◆ **WHAT YOU WILL DO**
Repeat what the lines below say, word for word, and skip every image.

◆ **Captioned web images**

======

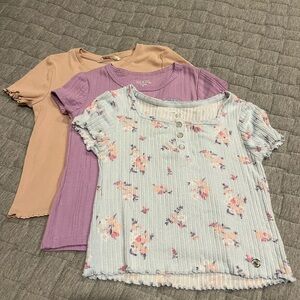 Bundle of 3 Girls’ S (6) Short Sleeve Tees - Purple, Peach, and Floral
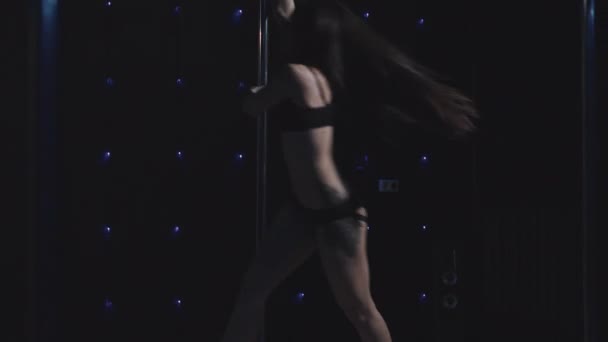 Joven mujer realiza un baile en el poste — Vídeos de Stock
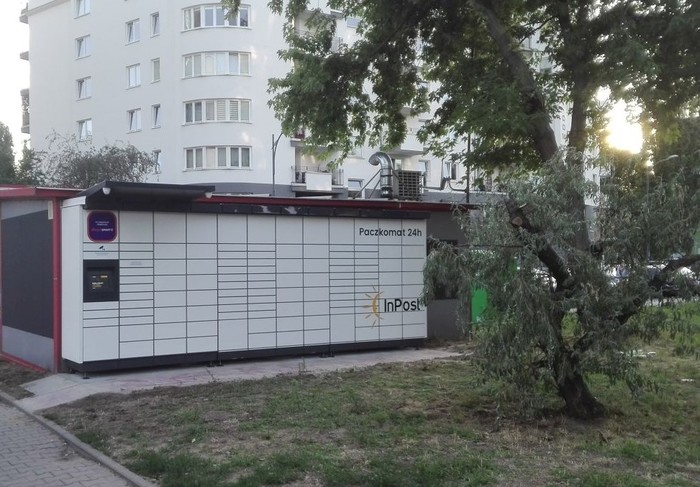 Paczkomat WAW16M Przy lokalu z kebabem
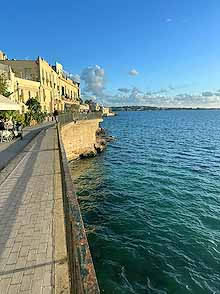 Ortigia Via Gozzo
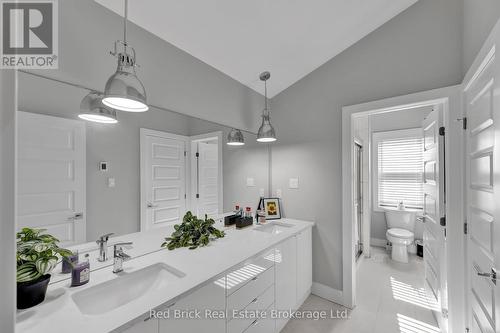 1754 Brayford Avenue, London, ON - Indoor Photo Showing Bathroom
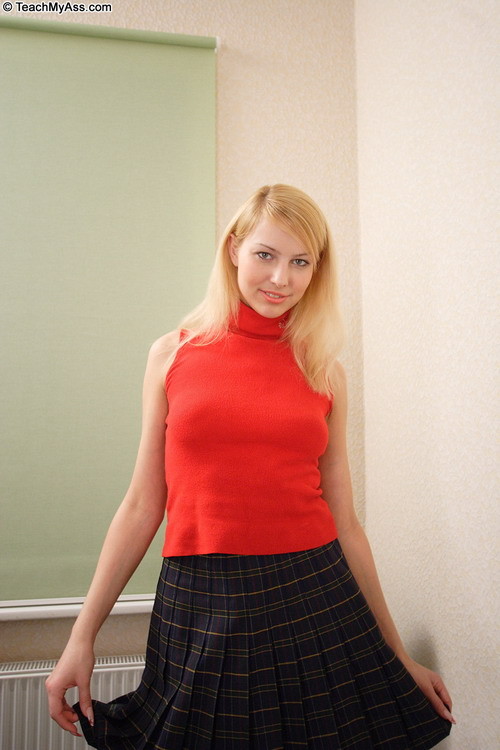 Süßes junges unerfahrenes blondes Küken verliert ihre anale Jungfräulichkeit
 #69270674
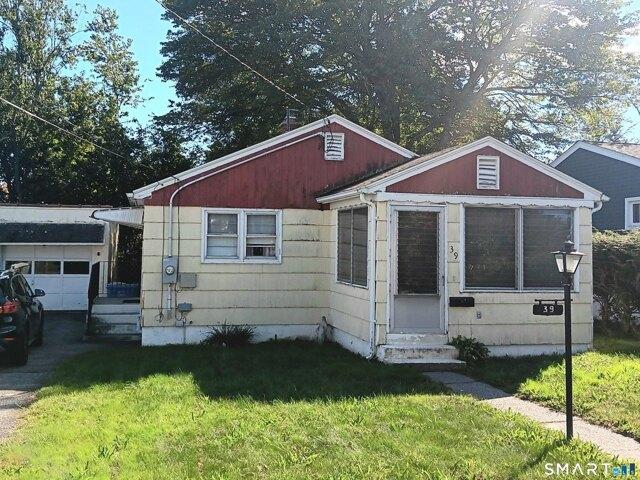 House for sale in Waterbury, Connecticut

======

◆ **ANSWER TO THE PROBLEM**
 Bundle of 3 Girls’ S (6) Short Sleeve Tees - Purple, Peach, and Floral
 Joven mujer realiza un baile en el poste — Vídeos de Stock
 Paczkomat WAW16M Przy lokalu z kebabem
 Ortigia Via Gozzo
 1754 Brayford Avenue, London, ON - Indoor Photo Showing Bathroom
 Süßes junges unerfahrenes blondes Küken verliert ihre anale Jungfräulichkeit
 #69270674
 House for sale in Waterbury, Connecticut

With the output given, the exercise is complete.